Top of INPUT
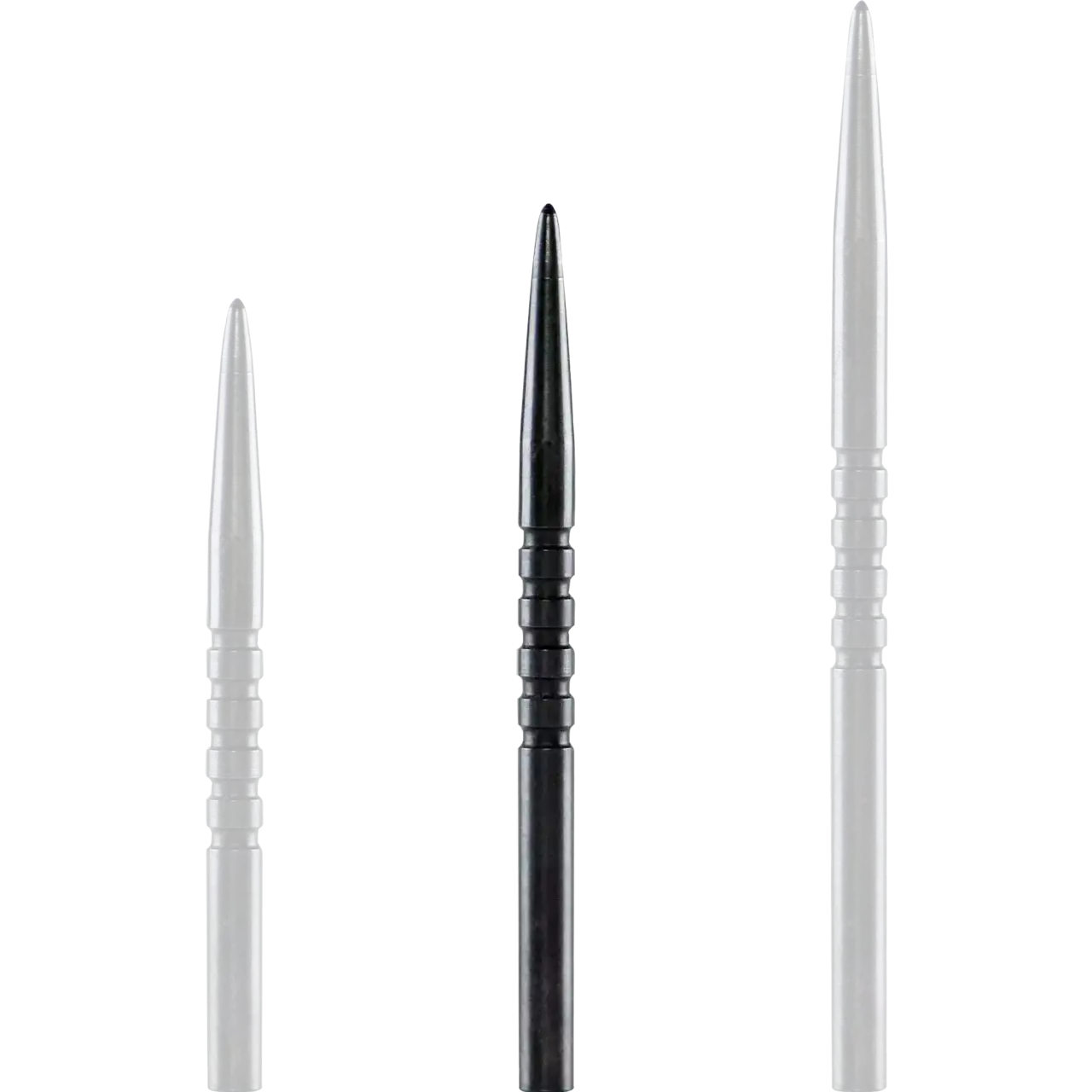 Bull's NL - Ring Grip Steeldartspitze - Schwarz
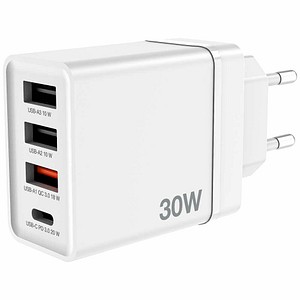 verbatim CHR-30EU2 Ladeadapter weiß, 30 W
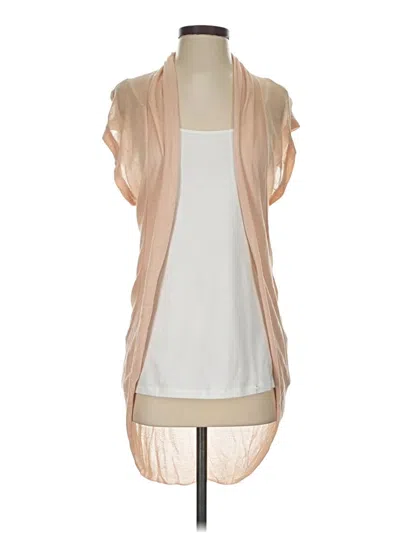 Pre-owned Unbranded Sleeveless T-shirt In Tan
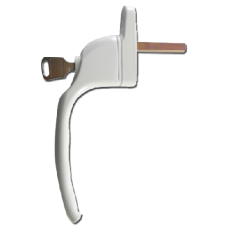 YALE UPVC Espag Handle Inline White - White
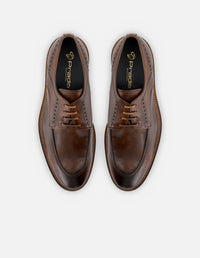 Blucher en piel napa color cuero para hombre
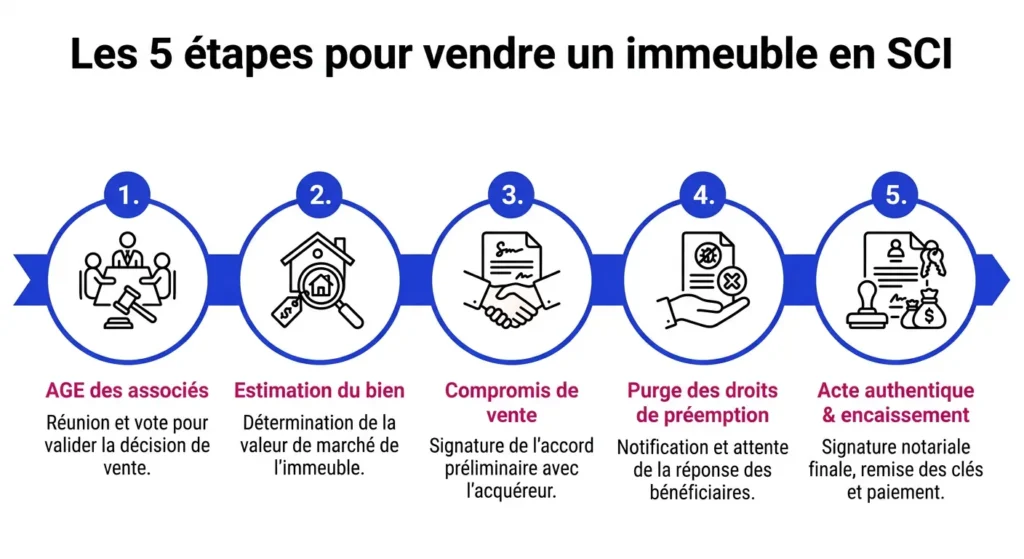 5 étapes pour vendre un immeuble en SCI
Bottom of INPUT
ACTIVITY: Restate the entries above word for word, keeping pictures out of the copy.

WRITTEN SOLUTION:
 Bull's NL - Ring Grip Steeldartspitze - Schwarz
 verbatim CHR-30EU2 Ladeadapter weiß, 30 W
 Pre-owned Unbranded Sleeveless T-shirt In Tan
 YALE UPVC Espag Handle Inline White - White
 Blucher en piel napa color cuero para hombre
 5 étapes pour vendre un immeuble en SCI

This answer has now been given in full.